Hardcover | 352 pp. | McMillan | | 1st Edition
Permanent Record is definitely not a traditional management book, of the types I would typically review on this Blog. I found some aspects of this reading relevant, and have decided to add this review. Also, have to admit I read this book in the Italian version (with the title Errore di Sistema).
The book is a memoir of the life of Snowden, and of the events that led to his massive whistleblowing, that led to the scandal of the mass-surveillance project led by the NSA. I don’t want to take a stand here on the various judgement of what Snowden did, with the extremes being of being agile spy, or a liberty hero. Also considering there are still open cases, also related to this specific book.

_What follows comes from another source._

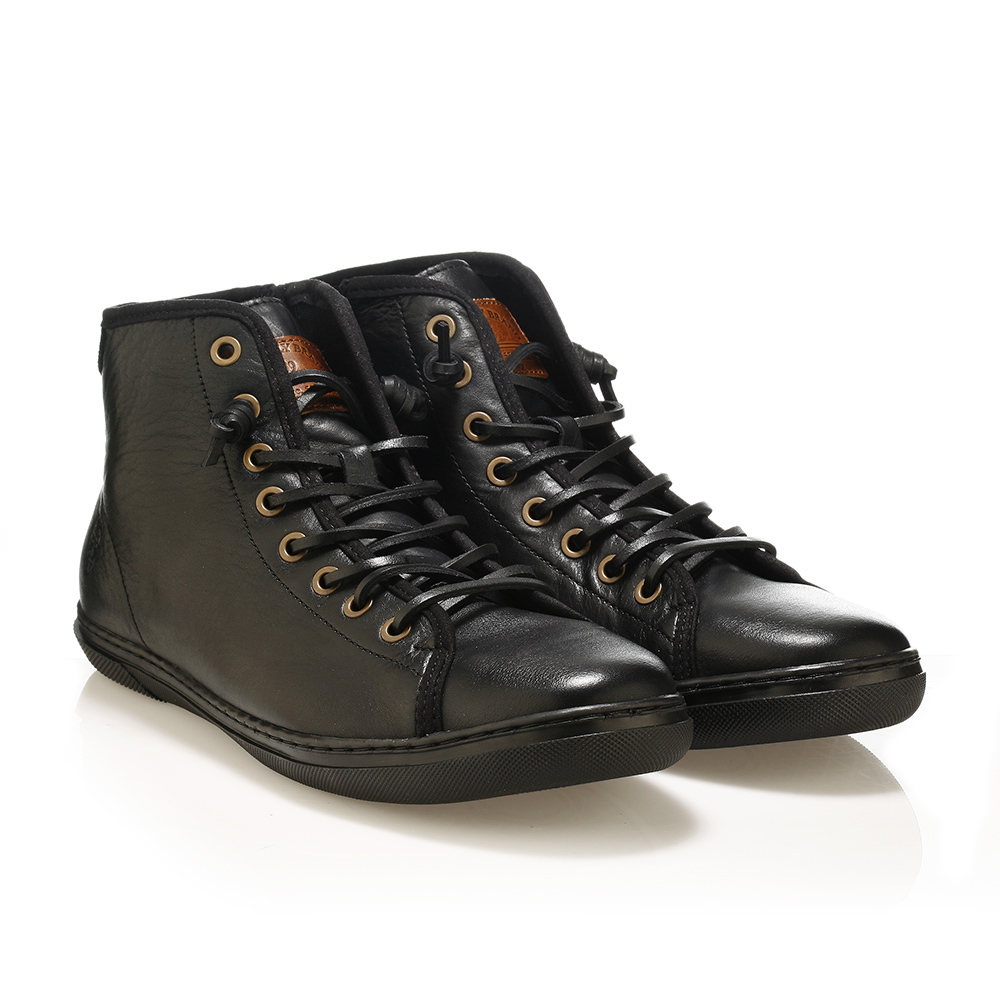 Urbanfly Pasadena 5144 casual leather boot shoes Tsilinikos sneakers all black μαύρα ανδρικά παπούτσια δερμάτινα 1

I’m more interested in a subtle reading that comes through Permanent Record: a lot of the actions of Snowden have been made possible by an organisation that had yet not adapted to the way Digital Technologies influence ways of working. How many very young System Analysts exist in our organisations, with almost unlimited access to data, pools of information, system resources, with such high potential risks of manipulation? How often do we tend to outsource critical activities (and access to data) simply because internal processes don’t allow for new headcounts? What is the real role that Cloud computing can play? (Some of the most exciting views the author puts are linked precisely to Cloud Computing, that Snowden sees as nothing but a more modern way to look at a mainframe technology). Who owns data in this new digital world? A question that we have seen addressed also in another book, from a different perspective but with similar conclusions.
There are not many answers in this book, as of course, this was not the main topic covered. But the triggers of some of these topics, are truly interesting, and well deserve a more serious investigation.
Permanent Record is very well written, and especially part 2 is almost as fascinating as a spy story, with an uneasy feeling on where truth leaves the place to more fictional accounts. It starts with his youth in North Carolina, and it concludes with some few references to his time spent in Russia. He defines his “exile” there as the longest airport layover he ever did.